▶ [Directions for this task]:
For the listing below, show each line that includes the string "Green".
Top of Record extracts
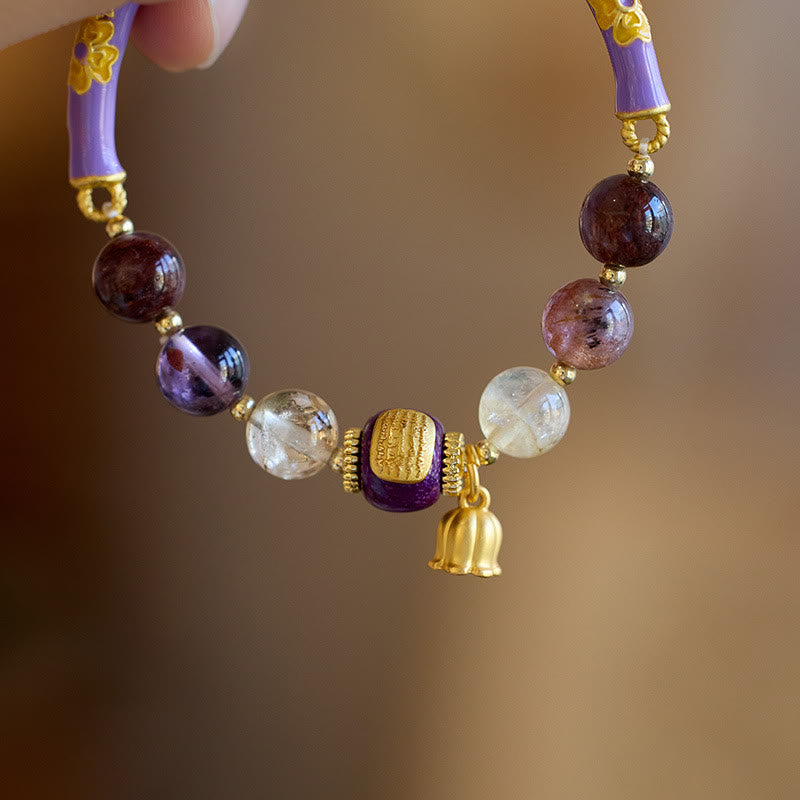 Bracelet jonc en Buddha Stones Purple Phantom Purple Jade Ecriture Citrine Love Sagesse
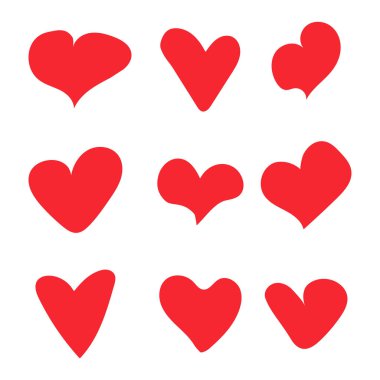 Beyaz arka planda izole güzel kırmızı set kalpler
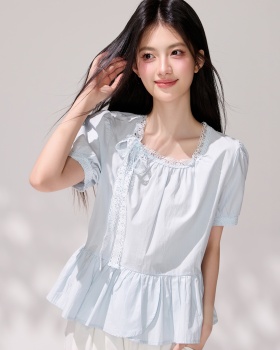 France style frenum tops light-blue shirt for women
Bottom of Record extracts
Top of Record extracts
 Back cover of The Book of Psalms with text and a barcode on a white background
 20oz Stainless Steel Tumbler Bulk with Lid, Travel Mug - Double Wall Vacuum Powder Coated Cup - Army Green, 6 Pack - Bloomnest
Bottom of Record extracts
Top of Record extracts
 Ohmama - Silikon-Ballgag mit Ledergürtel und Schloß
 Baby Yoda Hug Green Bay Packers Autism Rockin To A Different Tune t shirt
Bottom of Record extracts
▶ [Reply]:
 20oz Stainless Steel Tumbler Bulk with Lid, Travel Mug - Double Wall Vacuum Powder Coated Cup - Army Green, 6 Pack - Bloomnest
 Baby Yoda Hug Green Bay Packers Autism Rockin To A Different Tune t shirt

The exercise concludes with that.